## TASK DETAILS
Reproduce only this stretch of the listing below: from the line with "Accessory Case, Multicolor Brick Pattern" through the line with "Blur Exclusive 5", exactly as written, with pictures excluded.
*** SUPPLIED DATA Section Begins ***
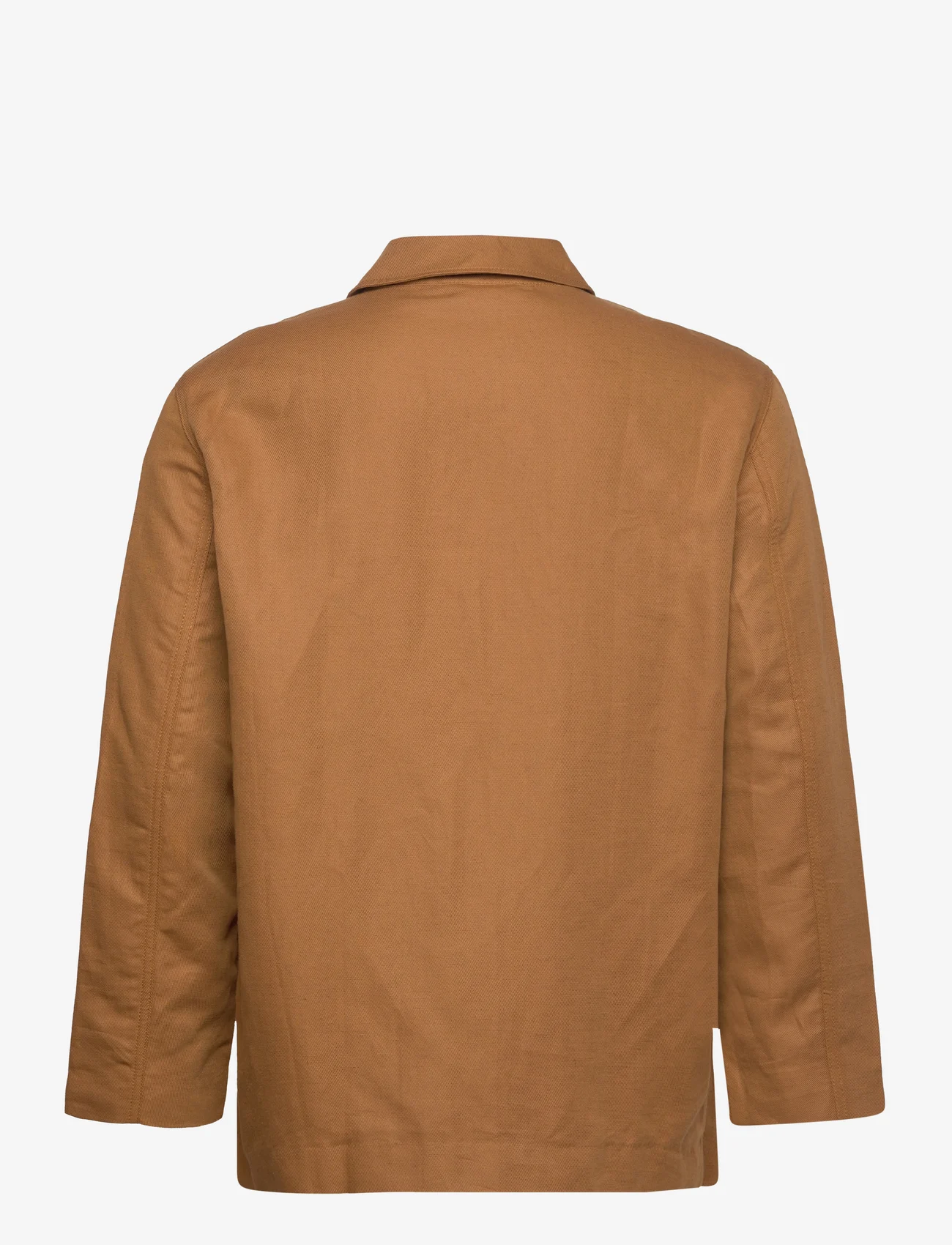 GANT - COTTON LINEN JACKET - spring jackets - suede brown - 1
*** SUPPLIED DATA Section Ends ***
*** SUPPLIED DATA Section Begins ***
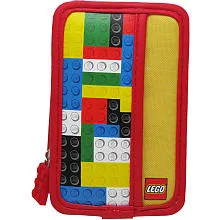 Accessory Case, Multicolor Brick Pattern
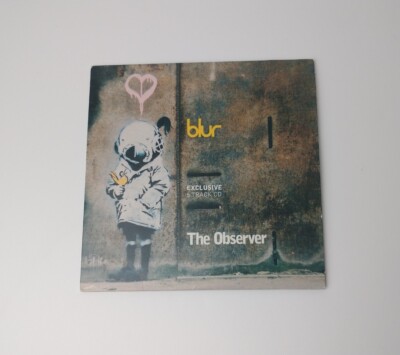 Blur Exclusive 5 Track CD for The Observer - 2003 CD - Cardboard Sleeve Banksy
*** SUPPLIED DATA Section Ends ***
*** SUPPLIED DATA Section Begins ***
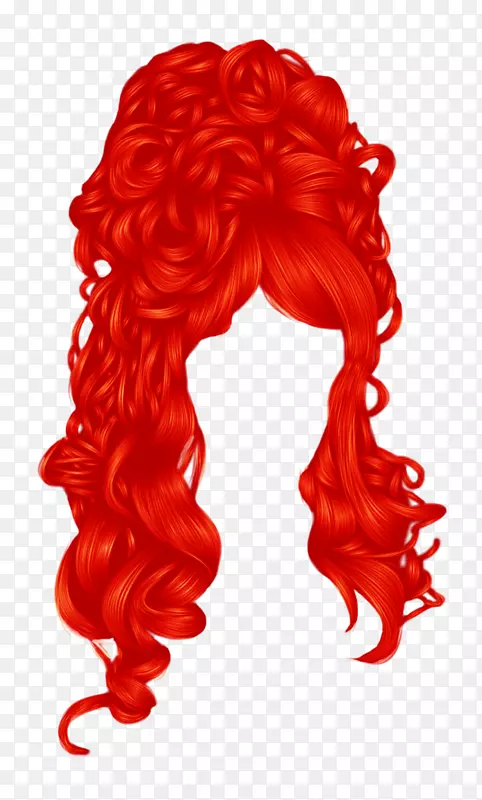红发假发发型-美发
*** SUPPLIED DATA Section Ends ***
## ANSWER BOX
 Accessory Case, Multicolor Brick Pattern
 Blur Exclusive 5 Track CD for The Observer - 2003 CD - Cardboard Sleeve Banksy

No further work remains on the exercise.